Mi vejiga me estaba odiando, eran las diez de la mañana y no había logrado vaciarla. Armé un nuevo plan; me escurriría entra la gente conteniendo la respiración hasta llegar al baño, haría pipí en 15 segundos, a presión, en chinga, no me lavaría las manos para agilizar, ya luego me pondría gel; saldría del baño y regresaría al exterior, todo en máximo un minuto. Podía hacerlo.
Me preparé, entré a la habitación sin aspirar una sola molécula de oxígeno, atravesé a la gente y llegué al baño… ocupado. Un minuto parece eterno cuando no respiras, quizá a eso se refieren cuando mueres, la vida eterna no es más que un chingo de tiempo
sin respirar. Salió del baño una viejecita que daba los pasos más lentos de la existencia. «Espérame a que le eche agua», me dijo. Apenas dio un paso fuera del baño y me metí. 40 segundos, todavía puedo lograrlo. Hice pipí a presión, 50 segundos; mis tripas comenzaron a bailar y todos sabemos lo que significa… ¡Qué más da! Liberé un murciélago en medio del Pacífico que, para estas alturas, ya visitó el mundo entero… Abrí la boca y aspiré la bocanada de aire más grande de la historia, liberé mi intestino, salí del baño para buscar el agua y hasta me detuve a cantar «Más allá del sol».
La tía Martha es tan cabrona que se esperó 95 años para morirse y, aun muerta, se aseguró de que nos cargara la chingada a todos.
Cuarenta personas en un autobús de pasajeros. La dueña de la tos que, ahora sé, también es mi tía, viene hasta adelante. Dicen que tose porque está loca. Yo digo que los locos somos nosotros por estar aquí con ella. Mi mamá ya está organizando los rosarios; en algún momento de la noche se volvió el alma del velorio y ya tiene nuevos amigos.
Llegamos al panteón, la reja está cerrada y hay un letrero que advierte: «Solo cortejos fúnebres de máximo 20 personas». Como en barata de Liverpool las personas se amotinan en la reja. Alguien grita: «¡Nosotros llegamos primero!» ¡No, señor! ¡Si alguien llegó primero fuimos nosotras!

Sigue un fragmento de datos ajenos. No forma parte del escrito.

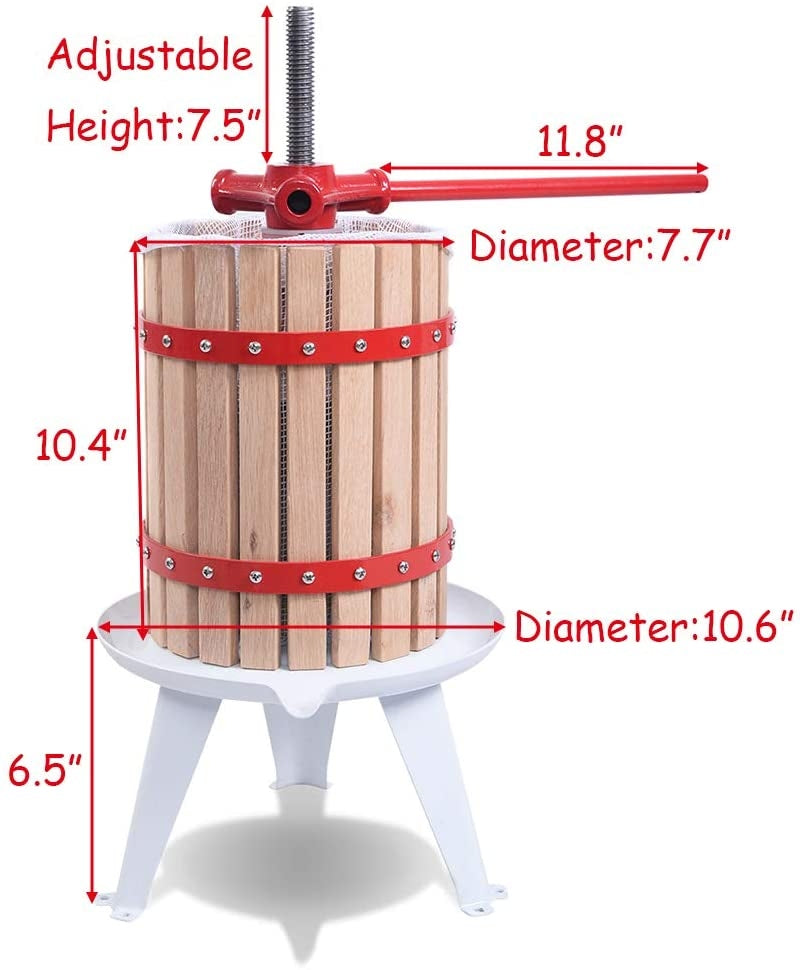 1.6 Gallon Fruit Wine Press Cider Juice Maker Tool by DirectDeals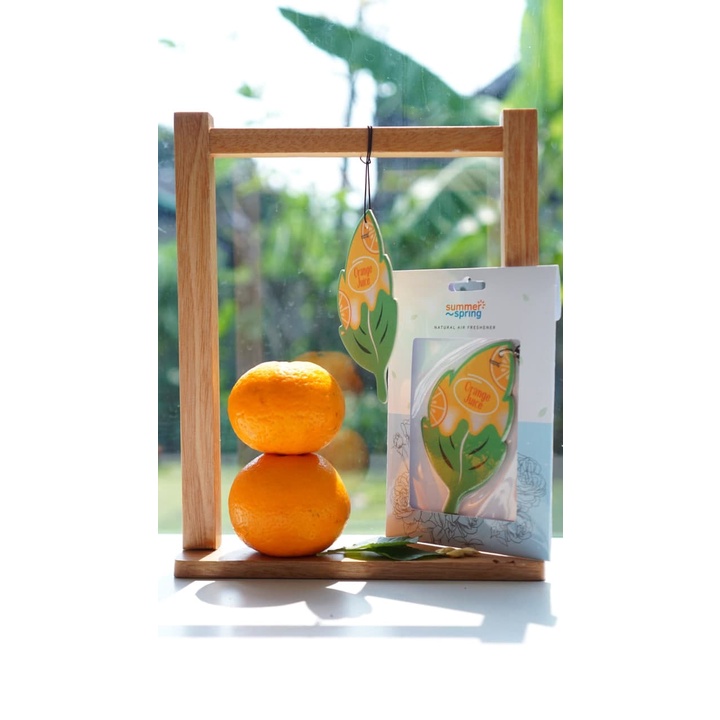 Parfum Mobil Pengharum Ruangan Pewangi Kamar Tidur Harum Summer Spring | Leaf | Aroma Orange Juice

Mira que apañar lugar cuando yo dormí en el asiento trasero de mi auto en las «segurísimas» calles de Puebla para poder entrar, ¡eso es descaro!
Mi mamá se hace a un lado y dice: «vamos a dejar que pase la familia». ¡Ora!, ¿no dijiste que había que venir al velorio porque es familia? ¡Nadie nos va a robar el lugar!, a eso vinimos, ¿no? Debo agradecer a una vida tratando de abordar el metro en Pantitlán, la maestría con la que logré colocarnos hasta el frente de la reja.
«Nada más que por disposición oficial no pueden pasar mayores de 60». ¡No chingue, poli, la difunta tenía 95, ¿cuántos años
cree que tienen sus hijos?! ¡Igual denos chance que aquí ya todos somos clientes potenciales!, grité.
Bendito Dios, los ojos de la gente no son pistolas. Mi mamá apenadísima, la tía Patricia llorando desconsolada, el tío José sorbiendo los mocos, la tía María preguntando: «¿quién es esa niña?» ¡Ahora sí no me conoce, vieja payasa! ¡Como si no supieran que ya todos estamos condenados! ¡Aquí nadie se lava las manos, traen el cubrebocas mal puesto y ni hablar de la baba que escupen cada que abren el hocico! ¡Mejor vayan checando qué tumba les acomoda!
Y bueno, no me dejaron pasar… La única menor de 60 años se quedó fuera…
Ahora sí, como dicen, «¡que Dios la tenga en su santa gloria!» Ojalá en el cielo separen a los blancos de los prietos, haya mucha carne y, por lo que más quieran, que el lugar no se parezca a Puebla.